As informações que o Pingo Doce quer proibir são objetivas, lícitas, verdadeiras e completas sobre ações populares publicadas pela nossa organização. Trata-se de conteúdo puramente informativo com o objetivo de educar os consumidores sobre os seus direitos, especificamente no que se refere a ações coletivas.
“As informações que o Pingo Doce quer proibir são objetivas, lícitas, verdadeiras e completas sobre ações populares publicadas pela nossa organização. Trata-se de conteúdo puramente informativo com o objetivo de educar os consumidores sobre os seus direitos, especificamente no que se refere a ações coletivas. Não existe discurso de ódio, desinformação ou qualquer outro conteúdo que vá contra as melhores diretrizes quanto à liberdade de expressão e informação”, conclui.
A ação popular mais emblemática da Citizens’ Voice envolveu a Vodafone Portugal, com um acórdão do Supremo Tribunal de Justiça, com data de 2 de fevereiro de 2022, a obrigar a operadora de telecomunicações a restituir aos clientes os pagamentos que lhes tenham sido cobrados na sequência da ativação automática de serviços adicionais não solicitados.
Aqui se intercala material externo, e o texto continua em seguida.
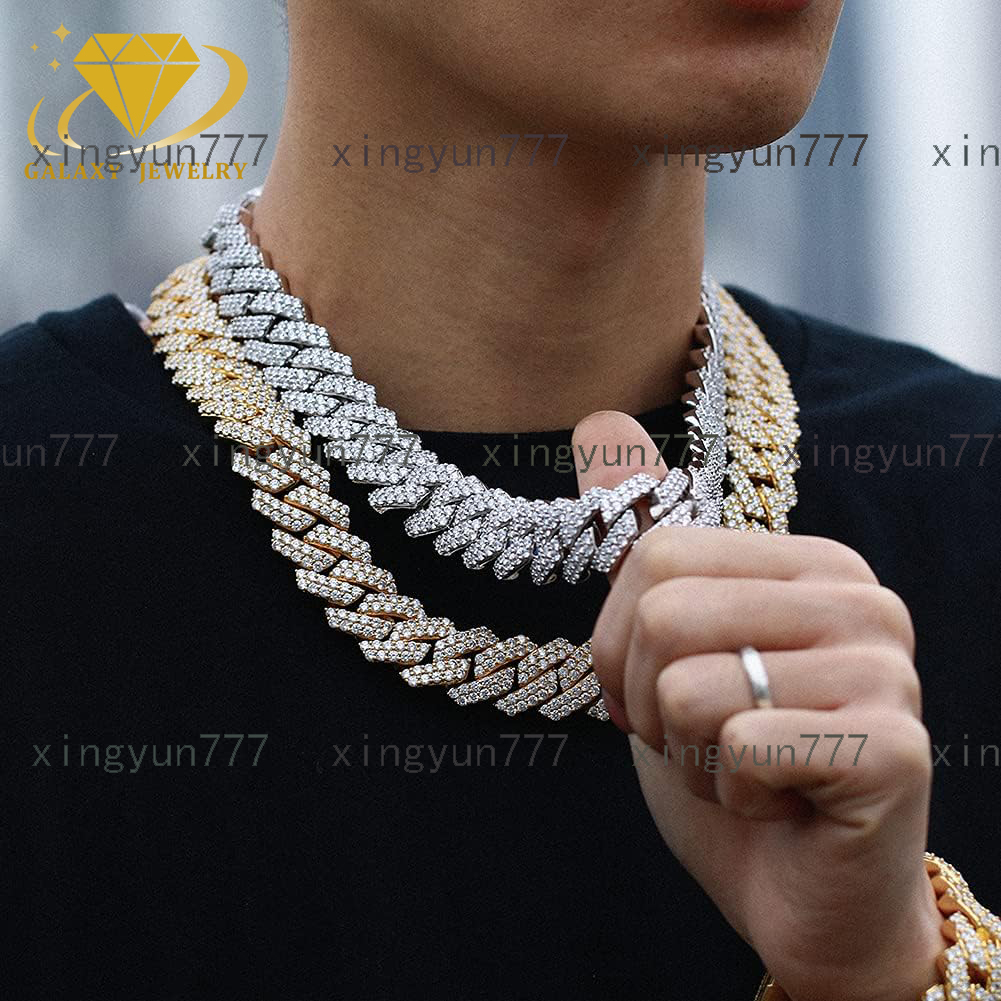 Pass Diamond Tester 2 Rows 10mm 12mm Real 925 Silver Hip Hop Full Iced Out VVS Moissanite Prong Cuban Link Chain for Men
A revista Sábado noticiou que uma cliente de Coimbra foi a primeira – e a única, até ao final de julho – a executar a empresa no âmbito deste processo e a ser restituída dos valores exigidos em tribunal: recebeu 3.328,94 euros.
Já este ano, e depois de a ASAE – Autoridade de Segurança Alimentar e Económica ter decidido instaurar processos-crime contra gasolineiras por cobrarem impostos a mais, sete comercializadores de várias zonas do país foram levados a tribunal por alegados crimes de especulação.
Os processos – a decorrer em tribunais cíveis – incluem bombas com insígnias da Prio, Intermarché, Galp, Alves Bandeira e BP, e envolvem situações em que os contadores não começaram no zero, em que o valor do ISP foi adulterado e ainda publicidade enganosa.